In order to resolve the situation, Brewer called on the federal government to "do its job" and secure the border.

"We have not sent a strong message to these countries that our borders are closed. We need a federal government to step up and secure the border. It's the problem that we have been facing for years now," she said.

"Until that happens, unfortunately, we're going to continue to see this kind of situation," she said.
As federal authorities search for a way to stop the flow of Central American children, Johnson said he is going to Guatemala on July 8 to discuss options for shutting down the "pipeline" of child migration to South Texas.

Warning signs
Brewer also questioned when federal authorities first became aware of the coming wave of Central American migrant children, noting a request from the federal government for a contractor to provide transportation services for unaccompanied minors "way back in January."
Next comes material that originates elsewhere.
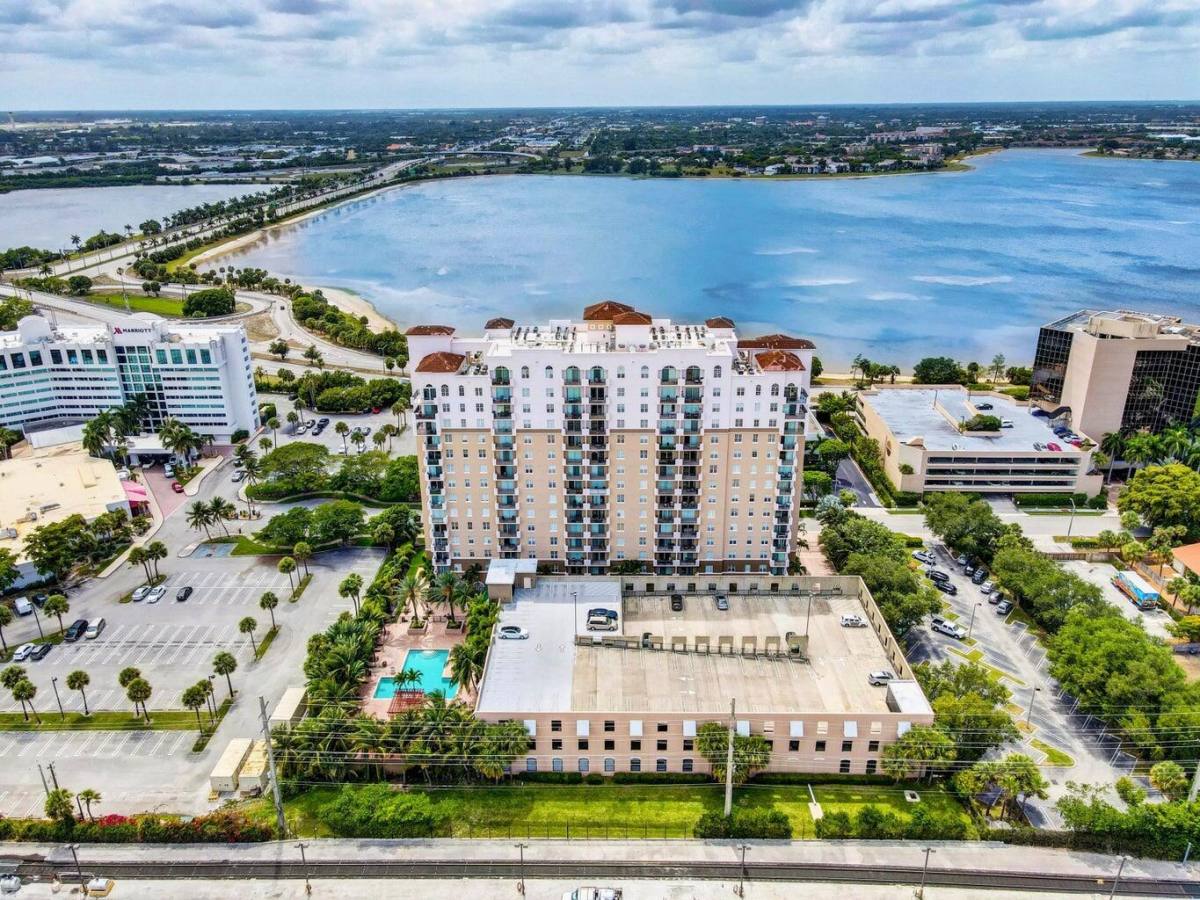 Apartment for rent at 616 Clearwater Park Rd #602, West Palm Beach, FL 33401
"They were not honest or forthright with us that this all of a sudden started because they were looking for a solution in January before they started transporting them to Arizona and then transporting them to here in Nogales and to Tucson and to Phoenix," she said.

The Jan. 29 request posted by U.S. Immigration and Customs Enforcement on the federal government's Federal Business Opportunities website was for information from contractors about providing transportation for unaccompanied migrant children from ICE custody to Office of Refugee Resettlement shelters located across the country.

The request proposes a one-year contract with an option for four additional years to transport an estimated 65,000 unaccompanied minors. The request does not clarify whether that number is for the initial year or for the total five years. An information request to ICE was not immediately answered Thursday.
Current estimates from DHS put the number of migrant children caught in South Texas at about 52,000 since October.

The contractor would have to be able to transport 25 percent of the minors by ground, 25 percent by ICE charter, and the remainder by commercial air transport.